-- Exercise objective --
Beginning at the line with "Čierne denimbové nohavice" in the records below, return each line up to and including the last, exactly as it stands, but not the pictures.

Short web captions:
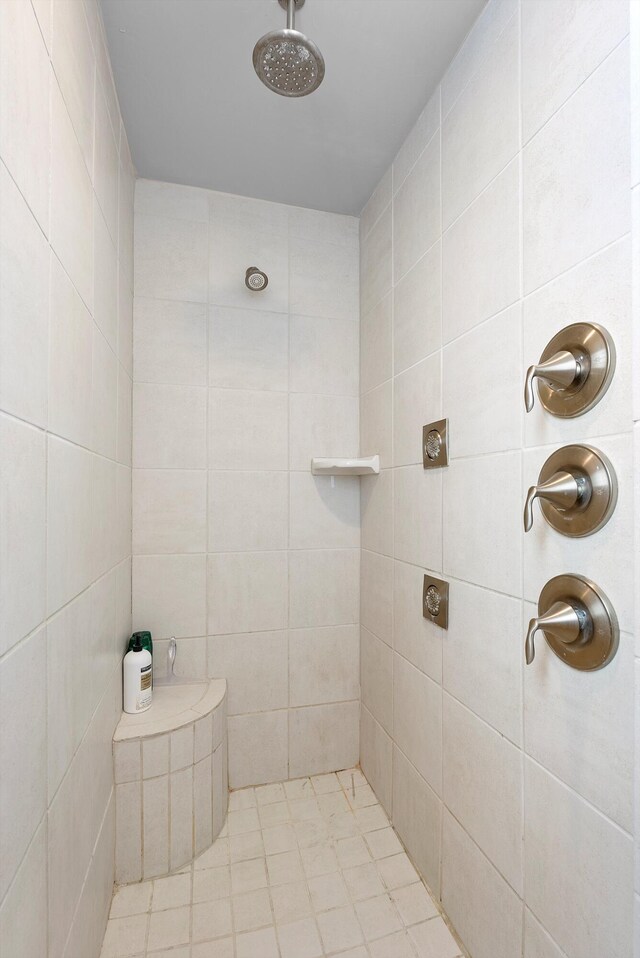 bathroom with a tile shower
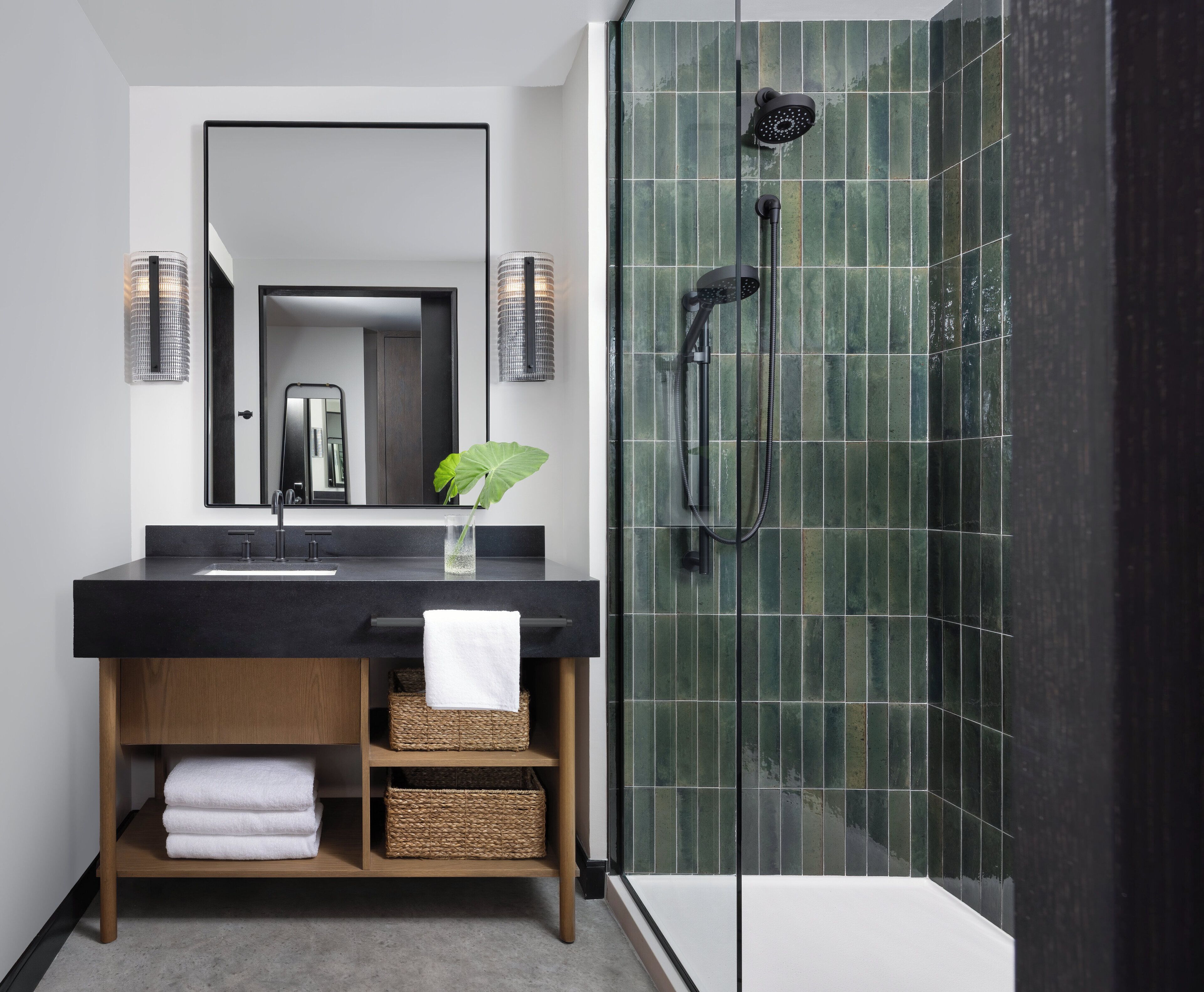 Un bagno moderno con un lavandino nero, uno specchio, una doccia con porta in vetro e una pianta sul lavandino.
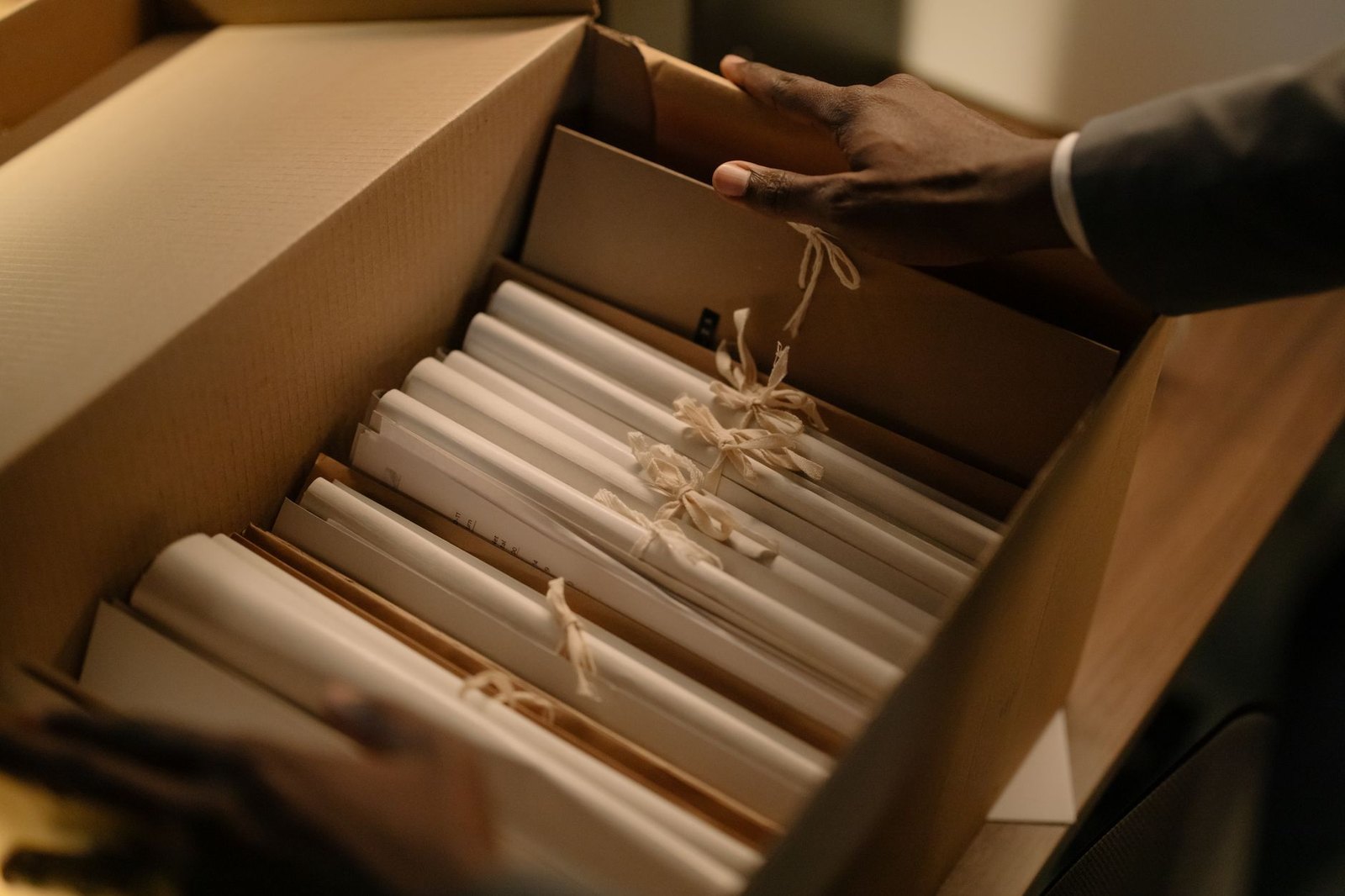 Cardboard boxes filled with paper documents lined up for secure shredding at a community event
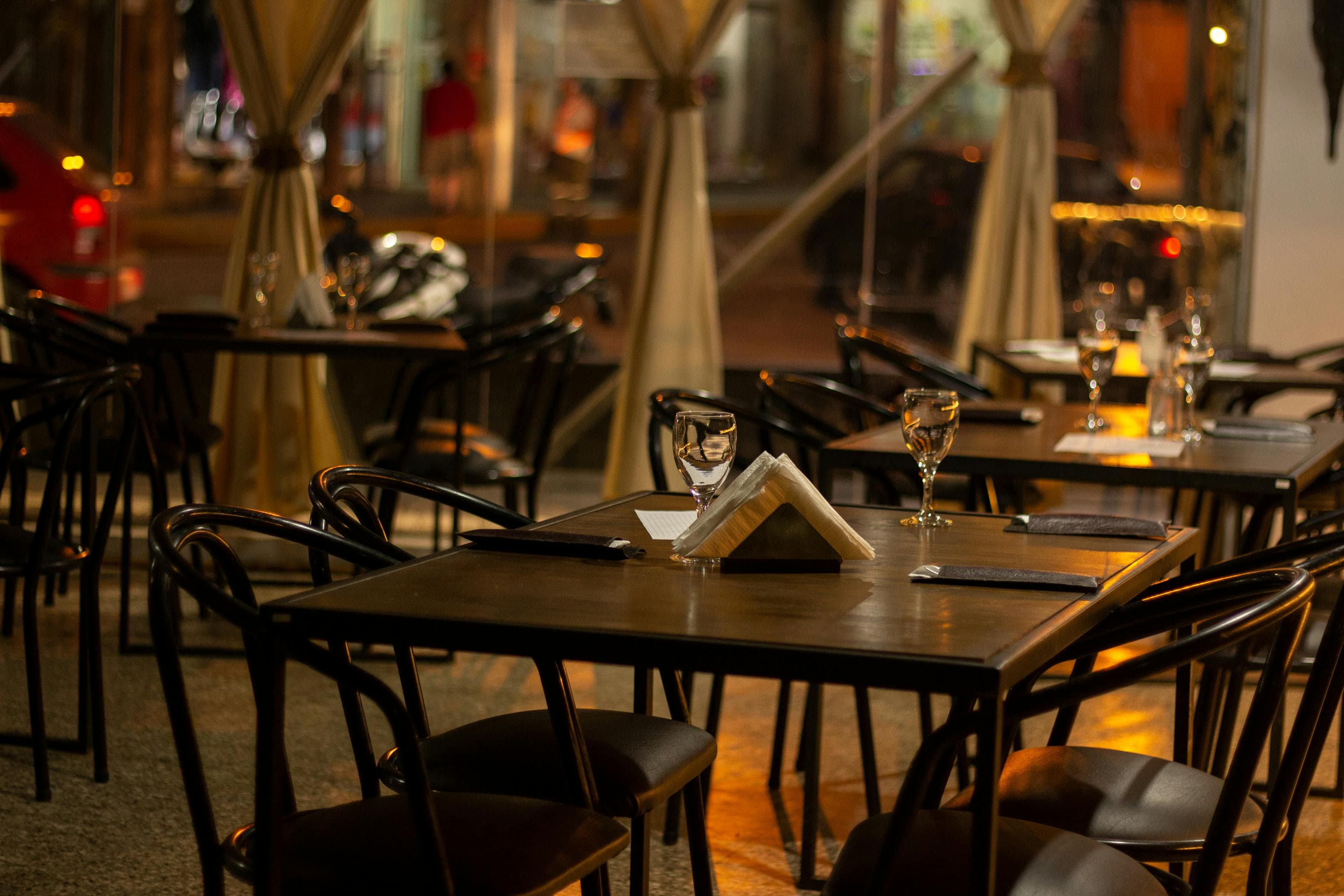 Empty restaurant table set for dinner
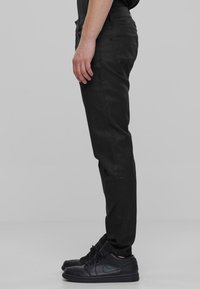 Čierne denimbové nohavice so slim fit strihom, vybavené štandardnými vreckami a hladkou textúrou. V kombinácii s čiernymi teniskami. Bočný pohľad na šedom pozadí.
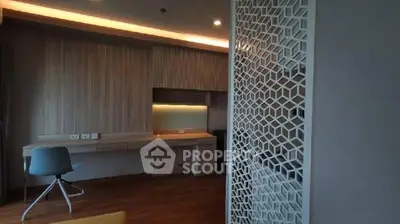 Modern study room with stylish wooden desk and geometric partition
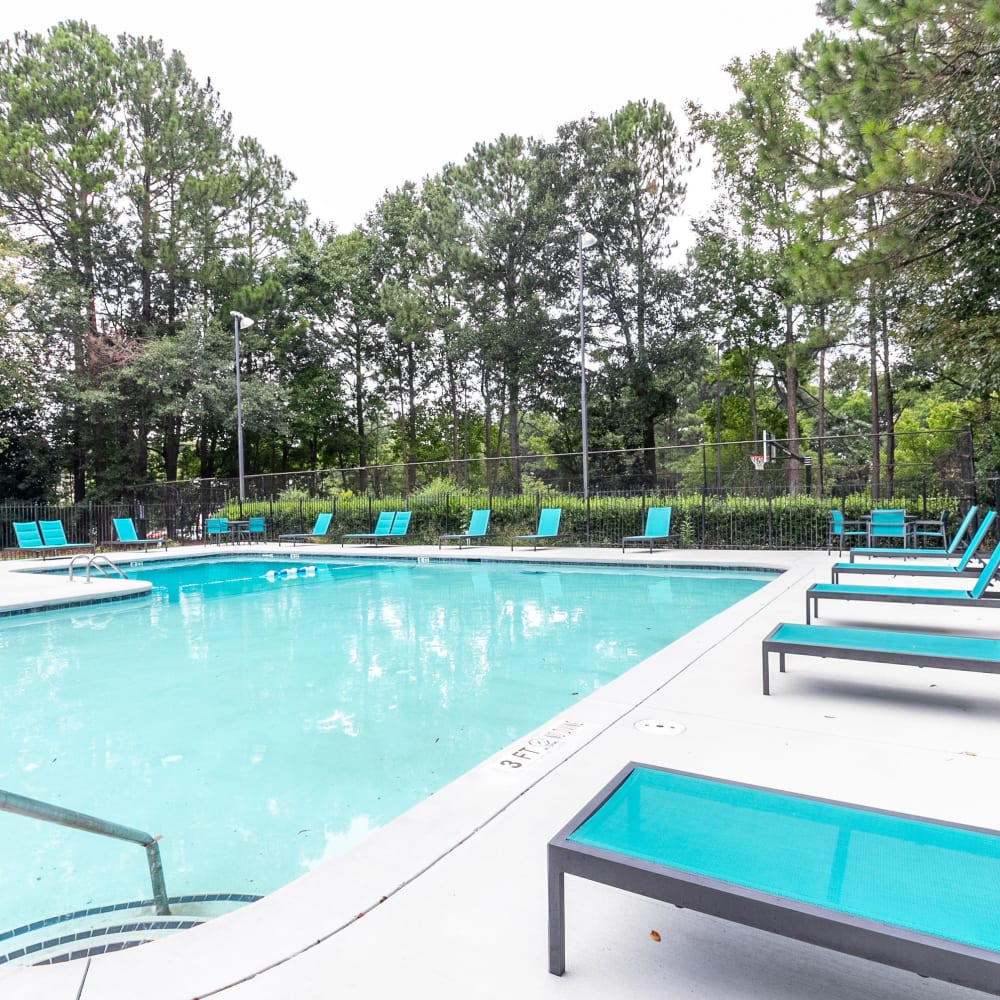 A pool with plenty of lounge chairs at Cumberland Crossing in Marietta, Georgia
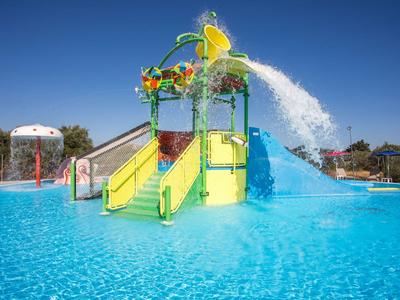 Bunter Kinder-Wasserpark mit Rutschen und spritzendem Wasser im hellen Außenpool.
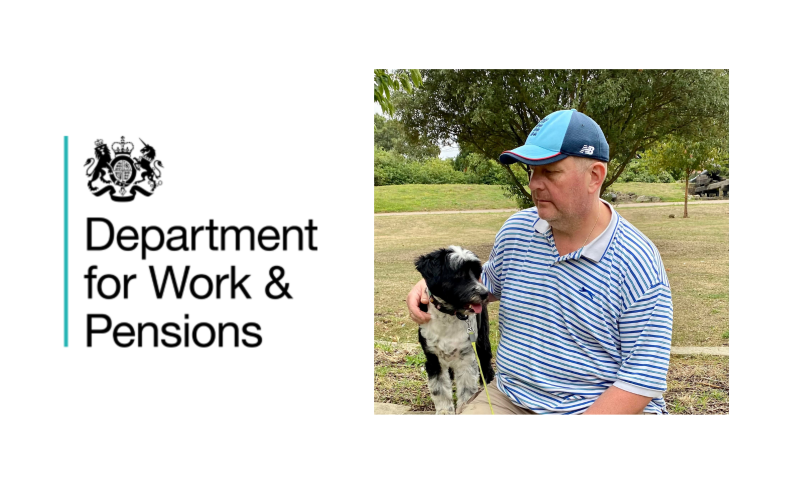 David is shown outdoors in a park-like setting with green trees and grass in the background. He is wearing a blue and white striped polo shirt and a blue baseball cap, and he has his arm around a small, fluffy black-and-white dog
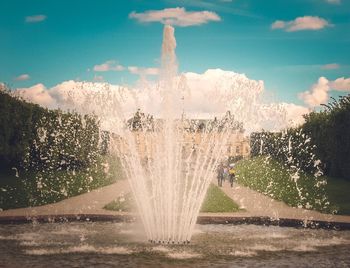 Fountain by trees against sky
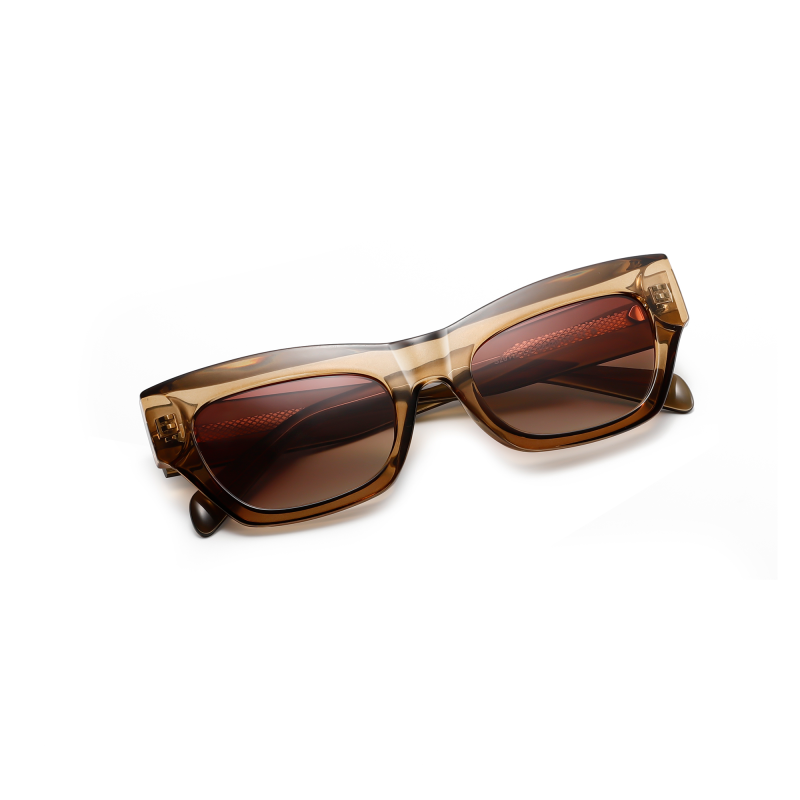 Brown cat eye sunglasses on white background.
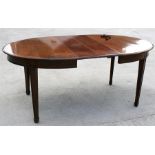 A late 19th century mahogany oval extending dining table with one extra leaf, on square tapering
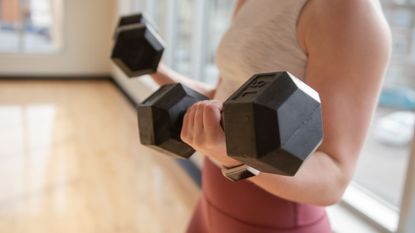 A woman performing bicep exercises, including bicep curls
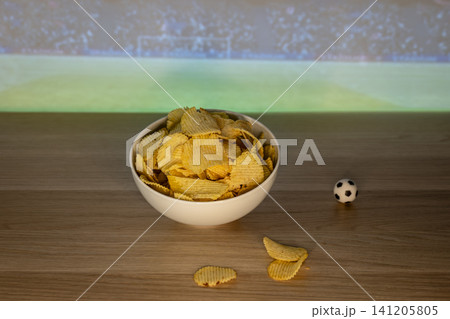 Bowl of potato chips on a table with a small soccer ball decoration, creating a football night atmosphere with comforting food. Bowl of potato chips on a table with a small soccer ball decoration, creating a football night atmosphere with comforting food. 141205805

-- Answer to the problem --
 Čierne denimbové nohavice so slim fit strihom, vybavené štandardnými vreckami a hladkou textúrou. V kombinácii s čiernymi teniskami. Bočný pohľad na šedom pozadí.
 Modern study room with stylish wooden desk and geometric partition
 A pool with plenty of lounge chairs at Cumberland Crossing in Marietta, Georgia
 Bunter Kinder-Wasserpark mit Rutschen und spritzendem Wasser im hellen Außenpool.
 David is shown outdoors in a park-like setting with green trees and grass in the background. He is wearing a blue and white striped polo shirt and a blue baseball cap, and he has his arm around a small, fluffy black-and-white dog
 Fountain by trees against sky
 Brown cat eye sunglasses on white background.
 A late 19th century mahogany oval extending dining table with one extra leaf, on square tapering
 A woman performing bicep exercises, including bicep curls
 Bowl of potato chips on a table with a small soccer ball decoration, creating a football night atmosphere with comforting food. Bowl of potato chips on a table with a small soccer ball decoration, creating a football night atmosphere with comforting food. 141205805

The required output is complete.